I did a little research the other day with regards to Time Dimensions and I thought I would share my findings here.
Background:
Traditionally a data warehouse will have at least one “Time” dimension that will have one record for every time period that data exists. For example, if we had data from 1995 all the way to today, and we decided that we wanted the granularity to be 1 hour, we would have in our Time dimension one record for every hour since 1995.
That would be 24 hours x 365 days x 12 years (roughly) = 105,000 records.
Now imagine that the requirements changed, and we now have to summarize data to the minute.
That would be 60 minutes x 24 hours x 365 days x 12 years (roughly) = 6,307,000 records.
Add another 10 years of data and our time dimension would have over 10,000,000 records!
Performance Consideration:
In Analysis Services 2000, all dimension data is loaded into main memory when processing. Large dimensions (more than 100k records) were avoided where possible. Otherwise there could be performance problems when processing the cubes on servers with moderate amounts of memory.
Because of this performance restriction, and my own desire for efficiency, I would normally separate the hours/minutes data into their own dimensions, one for “Days / Dates”, one for “Hours / Minutes”.
Using our example above, the “Day/Date” dimension would have one record for every day since 1995, or 4380 records. The “Hour/Minute” dimension would have one record for every minute of every hour for just one day, or 1440 records. There is no reason to repeat this data i.e. for every day of the year, because each day always has 24 hours and each hour always has 60 minutes.

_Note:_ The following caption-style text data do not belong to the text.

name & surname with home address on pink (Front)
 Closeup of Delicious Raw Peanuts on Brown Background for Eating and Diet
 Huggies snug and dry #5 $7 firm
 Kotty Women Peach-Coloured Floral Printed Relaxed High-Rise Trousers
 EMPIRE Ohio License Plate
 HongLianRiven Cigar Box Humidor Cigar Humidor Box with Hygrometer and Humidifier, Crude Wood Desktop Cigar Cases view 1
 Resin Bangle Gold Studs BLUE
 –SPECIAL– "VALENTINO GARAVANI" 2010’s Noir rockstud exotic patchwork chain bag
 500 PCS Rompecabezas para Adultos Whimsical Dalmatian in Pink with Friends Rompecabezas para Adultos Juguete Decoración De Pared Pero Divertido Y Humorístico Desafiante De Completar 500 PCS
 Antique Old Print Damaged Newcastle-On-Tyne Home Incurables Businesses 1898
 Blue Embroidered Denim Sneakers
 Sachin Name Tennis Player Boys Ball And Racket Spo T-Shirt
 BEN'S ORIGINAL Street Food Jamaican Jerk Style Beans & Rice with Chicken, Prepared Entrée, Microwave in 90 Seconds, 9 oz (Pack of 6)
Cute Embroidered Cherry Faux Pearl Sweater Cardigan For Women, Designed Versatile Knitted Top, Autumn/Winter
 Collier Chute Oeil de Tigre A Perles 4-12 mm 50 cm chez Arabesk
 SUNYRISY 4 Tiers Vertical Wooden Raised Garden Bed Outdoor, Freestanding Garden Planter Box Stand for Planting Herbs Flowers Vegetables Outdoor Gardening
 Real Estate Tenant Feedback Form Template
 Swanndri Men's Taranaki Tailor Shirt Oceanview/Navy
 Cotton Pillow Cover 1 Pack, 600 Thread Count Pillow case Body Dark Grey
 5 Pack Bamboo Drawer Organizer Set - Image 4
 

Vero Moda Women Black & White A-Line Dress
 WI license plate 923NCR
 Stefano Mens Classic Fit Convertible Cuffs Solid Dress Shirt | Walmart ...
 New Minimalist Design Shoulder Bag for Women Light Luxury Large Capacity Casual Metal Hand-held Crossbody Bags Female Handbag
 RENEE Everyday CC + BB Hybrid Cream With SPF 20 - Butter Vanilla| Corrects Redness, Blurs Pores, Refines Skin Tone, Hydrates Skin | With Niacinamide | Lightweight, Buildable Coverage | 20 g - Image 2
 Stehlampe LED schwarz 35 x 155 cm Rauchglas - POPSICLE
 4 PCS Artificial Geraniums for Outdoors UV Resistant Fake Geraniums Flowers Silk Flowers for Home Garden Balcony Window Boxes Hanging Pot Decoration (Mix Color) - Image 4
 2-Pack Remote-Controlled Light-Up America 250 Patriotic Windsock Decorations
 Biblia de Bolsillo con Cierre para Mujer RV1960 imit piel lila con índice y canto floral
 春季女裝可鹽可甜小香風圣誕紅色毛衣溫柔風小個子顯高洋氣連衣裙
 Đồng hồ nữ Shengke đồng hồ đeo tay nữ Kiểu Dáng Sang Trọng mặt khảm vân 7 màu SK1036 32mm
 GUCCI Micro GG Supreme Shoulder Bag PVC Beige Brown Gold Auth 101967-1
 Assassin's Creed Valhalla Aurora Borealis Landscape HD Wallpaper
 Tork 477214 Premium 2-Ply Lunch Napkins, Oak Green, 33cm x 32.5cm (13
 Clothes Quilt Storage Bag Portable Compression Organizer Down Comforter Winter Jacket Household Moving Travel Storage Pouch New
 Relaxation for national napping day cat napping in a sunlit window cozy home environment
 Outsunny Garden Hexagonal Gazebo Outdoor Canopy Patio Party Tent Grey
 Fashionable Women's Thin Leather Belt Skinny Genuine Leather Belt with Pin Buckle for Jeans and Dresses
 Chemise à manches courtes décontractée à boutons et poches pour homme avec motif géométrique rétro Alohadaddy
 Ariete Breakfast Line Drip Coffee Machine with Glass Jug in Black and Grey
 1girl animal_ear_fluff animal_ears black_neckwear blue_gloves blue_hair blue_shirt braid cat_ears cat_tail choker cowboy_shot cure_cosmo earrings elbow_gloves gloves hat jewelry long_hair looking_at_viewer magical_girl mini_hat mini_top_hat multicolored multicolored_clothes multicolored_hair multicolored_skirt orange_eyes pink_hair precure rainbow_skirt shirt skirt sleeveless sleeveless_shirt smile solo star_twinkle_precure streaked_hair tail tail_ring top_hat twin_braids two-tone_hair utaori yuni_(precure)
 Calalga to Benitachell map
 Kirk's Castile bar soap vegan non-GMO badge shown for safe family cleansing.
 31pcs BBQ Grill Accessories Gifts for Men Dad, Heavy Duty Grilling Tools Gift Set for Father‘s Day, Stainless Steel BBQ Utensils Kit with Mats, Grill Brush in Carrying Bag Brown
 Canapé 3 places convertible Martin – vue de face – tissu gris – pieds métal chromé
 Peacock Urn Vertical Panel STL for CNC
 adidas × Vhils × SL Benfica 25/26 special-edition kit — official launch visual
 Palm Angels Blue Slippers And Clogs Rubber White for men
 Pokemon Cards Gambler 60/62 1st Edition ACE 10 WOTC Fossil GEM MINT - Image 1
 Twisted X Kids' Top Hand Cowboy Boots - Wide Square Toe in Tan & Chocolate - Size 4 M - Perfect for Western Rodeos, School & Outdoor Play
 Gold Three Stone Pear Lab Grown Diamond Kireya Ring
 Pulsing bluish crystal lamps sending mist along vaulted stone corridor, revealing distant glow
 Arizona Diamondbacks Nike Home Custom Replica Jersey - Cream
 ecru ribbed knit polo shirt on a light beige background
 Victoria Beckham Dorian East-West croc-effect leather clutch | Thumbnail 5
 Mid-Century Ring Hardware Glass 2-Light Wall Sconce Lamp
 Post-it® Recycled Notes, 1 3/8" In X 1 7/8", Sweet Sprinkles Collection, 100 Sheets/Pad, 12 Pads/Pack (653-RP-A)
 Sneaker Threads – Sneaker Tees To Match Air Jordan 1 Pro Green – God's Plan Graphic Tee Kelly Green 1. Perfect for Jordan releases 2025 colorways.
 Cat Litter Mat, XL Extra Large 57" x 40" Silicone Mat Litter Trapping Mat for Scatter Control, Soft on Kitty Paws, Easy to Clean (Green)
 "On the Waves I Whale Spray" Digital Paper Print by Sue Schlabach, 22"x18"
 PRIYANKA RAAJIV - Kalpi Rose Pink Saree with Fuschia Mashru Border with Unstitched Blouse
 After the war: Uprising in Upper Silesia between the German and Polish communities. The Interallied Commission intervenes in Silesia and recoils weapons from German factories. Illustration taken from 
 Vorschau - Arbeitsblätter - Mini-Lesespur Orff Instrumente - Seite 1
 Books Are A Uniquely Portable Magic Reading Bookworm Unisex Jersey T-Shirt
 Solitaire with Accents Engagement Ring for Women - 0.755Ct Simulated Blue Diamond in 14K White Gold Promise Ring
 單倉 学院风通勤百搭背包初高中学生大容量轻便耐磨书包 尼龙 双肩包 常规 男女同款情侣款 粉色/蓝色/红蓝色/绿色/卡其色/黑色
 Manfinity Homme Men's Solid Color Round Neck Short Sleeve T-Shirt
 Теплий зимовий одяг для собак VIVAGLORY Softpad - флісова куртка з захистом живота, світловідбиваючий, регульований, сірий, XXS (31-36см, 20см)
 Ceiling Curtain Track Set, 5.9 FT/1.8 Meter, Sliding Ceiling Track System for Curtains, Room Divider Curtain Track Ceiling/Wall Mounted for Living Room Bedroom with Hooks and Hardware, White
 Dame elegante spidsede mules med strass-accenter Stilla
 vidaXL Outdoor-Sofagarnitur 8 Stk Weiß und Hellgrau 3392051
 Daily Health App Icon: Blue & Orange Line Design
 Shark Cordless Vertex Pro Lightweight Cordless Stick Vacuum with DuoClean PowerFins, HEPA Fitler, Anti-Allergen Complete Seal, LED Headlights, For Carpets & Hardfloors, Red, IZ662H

As you can see, 6000 records in two dimensions can be used to contain the exact same amount of data as 6,000,000 records in one dimension.
Findings:
Analysis Services 2005 does not need to load the entire dimension into memory when processing, so the performance restriction is no longer an issue. Analysis Services 2005 also has many built in functions and examples that assume you have one time dimension containing ALL time periods. Taking advantage of these built in functions and examples add great value to the reporting capabilities of our cubes while decreasing the time to deploy.
Summary: I believe it is worthwhile to have a traditional time dimension called “TimeDIM” which will have one record for every hour of every day for all the time periods for which you have data. In addition I would also create “Day/Date” and “Hour/Minute” dimensions because they are quite handy for reports at the Date and/or Hour level and they take up relatively little disk space.